Thank you for your book.
and it sounds like you have a very loving family!
Tiny I liked your book. Your mother is a riot! Be patient with the poor woman! It is very hard to watch people you love in pain. I think, however, she could be very,very helpful to you in labor. I see many women in labor and usually their own mother is priceless in reassuring her and easing her pain.
Best Wishes with your birth.
Once a labor and delivery nurse who is an advocate for natural birth called it a pendulum. The pendulum has been swinging towards medical for a very long time, and with many successes. But now the pendulum has swung too far, and it is starting to swing back. Backwards can be a good thing.
Perhaps a little of both.... backwards to a simpler time (I'm talking way back), and forward in a progressively educated awareness of having a responsible birth (does that make sense?).
My grandmother was very supportive of my home-birth. She gave birth to all three of her children at home and she knew that I'd be more comfortable.
My mother-in-law, who offered to come stay with us to take care of my 2-year-old, was very skeptical and I was a bit nervous about having her in our space but she really did surprise me. She managed to stay in the guest room while I screamed my head off from back-labor for good 8 hours. I found out later that she was ironing everything in her suitcase (including her underwear) out of nervousness but I didn't hear a peep from her at any point.
People who really cares about you has a way of surprising you, pleasantly.
Yes! And that's a good thing! Sometimes we need to return to the simple stuff! :)
I think some of the reaction by people who don't exactly support (home)birthing comes from simply not being able to trust our bodies and the birth process. I think the system has convinced women that our bodies don't really know how to do this.

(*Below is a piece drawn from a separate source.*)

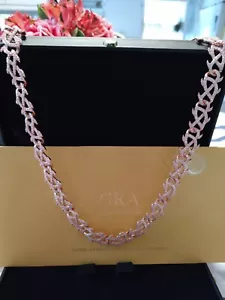 Men's 925 Silver Moissanite Cuban Chain Thorn Design Rose Gold 15mm 26in - Picture 1 of 24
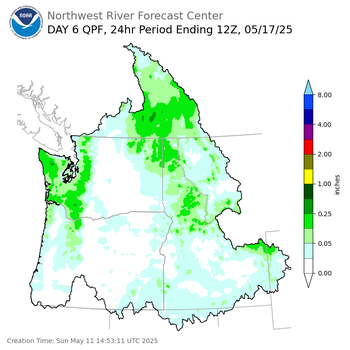 Day 6 (Friday): Precipitation Forecast ending Saturday, May 17 at 5 am PDT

I think it's progress when an adult woman takes responsibility for making her own decisions about her body after educating herself about her choices. If she's really well educated about the topic and chooses something others, who've done less research, find odd, it's progress when they defer to her judgment as an intelligent adult. (BTW, for my HB, (not a HBAC, tho) my family mostly did this-- they deferred, saying, look, you know much more about this than we do (I'm a CCE) and you've always made good, responsible decisions which we haven't always understood at first -- but it was easiest for everyone if we didn't discuss it a lot till it was over. With my husband's family, they thought I was weird, but I have an awesome stink eye, so they didn't say anything. :-)
I don't think you were moving backwards at all. Being ignorant and not open minded to more birthing options for mother and baby is moving backwards.